A Super-Pix Productions Release

....

Violence

....

At the Marti, America, 27th Avenue Drive-In

SCHLOCK VALUE by Joe Baltake

SCHLOCK VALUE - 4 MOVIES FOR 'TURKEY' LOVERS

Philadelphia Daily News (PA) - April 21, 1983
Author: JOE BALTAKE, Daily News Movie Reviewer

The revolving doors of our area movie theaters have been spinning furiously lately, with films coming and going with a vengeance. No fewer than eight new movies opened this past weekend, and I was handed my lunchpail and told to hit the road in search of cinematic genius.

I was determined to do it, too. So, with my car's gas tank completely filled, a Texaco road map by my side, my pail full of peanut-butter-and-jelly sandwiches and, just in case, an ice pack and a thermometer, I headed for the hinterlands of New Jersey and breezed away last Sunday afternoon with four schlock movies.

It all started at 12:55 p.m. and, several days later, my head is still going flamboyantly crackers. The fare ranged from passable ("Lone Wolf McQuade") to so-so ("Curtains") to just plain awful ("Vigilante" and ''The Treasure of the Four Crowns"). Here's how I remember it all:







1 P.M. "Vigilante." An action drama starring Robert Forster and Fred Williamson. Directed by William Lustig from an original script by Robert Vetere. Photographed by James Lemmo. Edited by Lorenzo Marinelli. Music by Jay Chattaway. Rated R. Running Time: 90 minutes. In area theaters. (Screened at the Eric Westmont, New Jersey.)

This latest clone of "Death Wish" is likely to make you shiver and squirm - with irritation and revulsion. Just when it seems as if the vigilante genre had hit rock bottom, along comes this nasty, dimly-executed exploitation movie to lower it another thousand feet.







Directed by William Lustig, who helmed porno movies before expanding his filmic interests with the contemptible "Maniac," this movie chronicles the auspicious meeting of a fanatic vigilante (Fred Williamson) and a victim of urban violence (Robert Forster), whose family has been terrorized. An attack on his home has left his wife emotionally traumatized and his son dead.

The case is brought before an inept judge who is lenient with the chief culprit, and who tosses Forster in the slammer for illustrating his rage before the court. What with prison and everything, he's left with a taste for blood, and Williamson is there to help him draw some.

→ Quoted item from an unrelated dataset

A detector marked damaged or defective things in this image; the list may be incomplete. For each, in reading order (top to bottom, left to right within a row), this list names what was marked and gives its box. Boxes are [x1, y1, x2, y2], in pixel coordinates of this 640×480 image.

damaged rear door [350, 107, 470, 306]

Lustig's aptitude for the horror of unleashed street crime is virtually nil. His style here is incongruously placid and placidly ugly.

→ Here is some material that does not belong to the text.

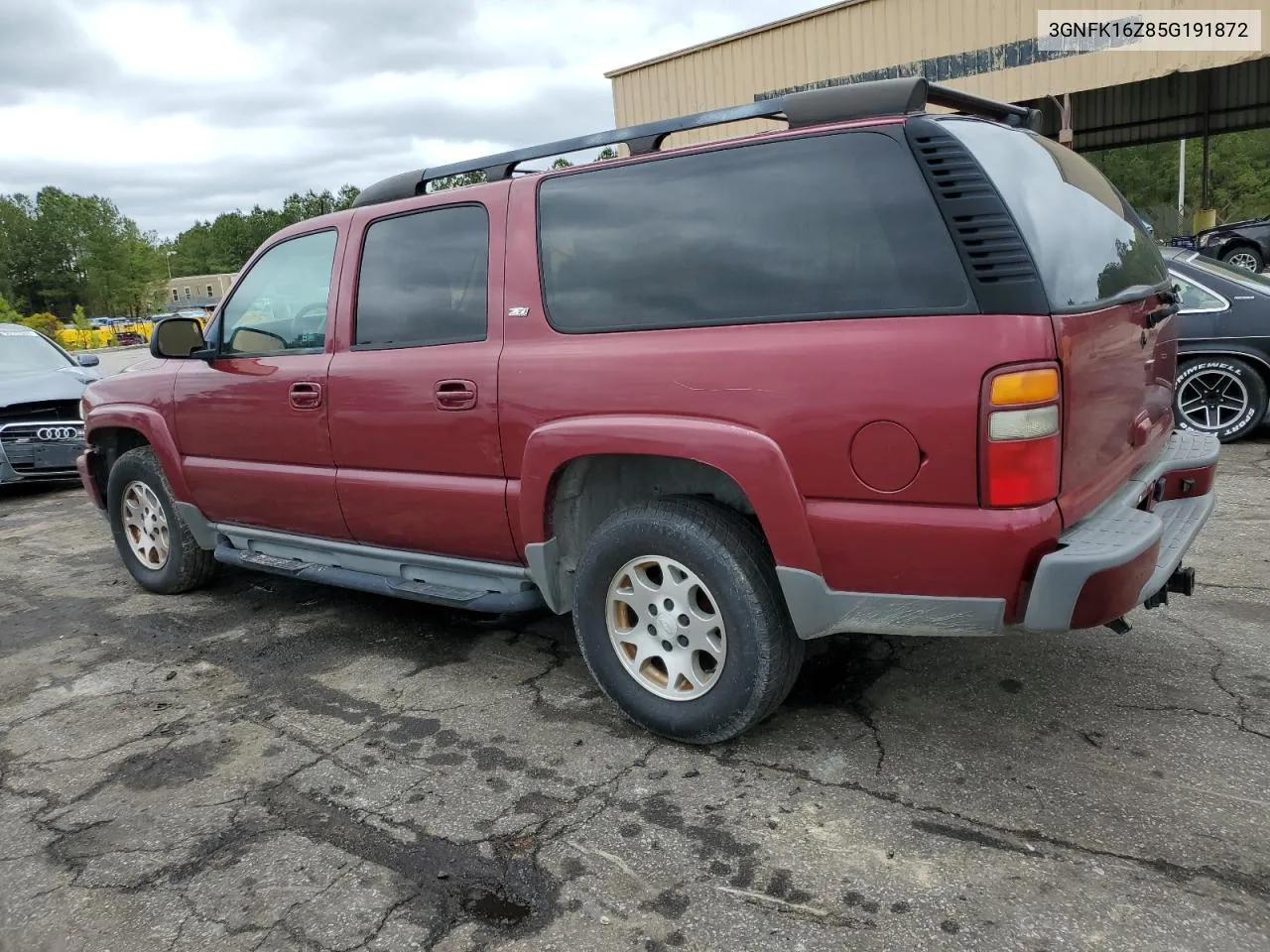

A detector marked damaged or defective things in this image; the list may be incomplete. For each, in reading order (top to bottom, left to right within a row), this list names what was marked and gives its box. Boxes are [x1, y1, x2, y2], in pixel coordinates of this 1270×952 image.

cracked asphalt [2, 432, 1270, 952]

To his credit, however, Lustig has loaded his background with ominous tom- tom music that let's us know when something awful is about to happen. Whenever you hear these sounds, you'd do well to make a beeline for the concession stand.







3:45 P.M. "Curtains." A thriller starring John Vernon and Samantha
Eggar. Directed by Jonathan Stryker from an original script by Robert Guza Jr. Photograhed by Robert Paynter and Fred Guthe. Edited by Michael Maclaverty. Music by Paul Zaza. Rated R. Running Time: 90 minutes. In area theaters. (Screened at the Echelon Cinema, New Jersey.)

This mystery film from Canada is less a comment on the state of the art than on the state of unemployment among movie performers. Poor Samantha Eggar! She's saddled here with a character that looks like a practical joke by her agent.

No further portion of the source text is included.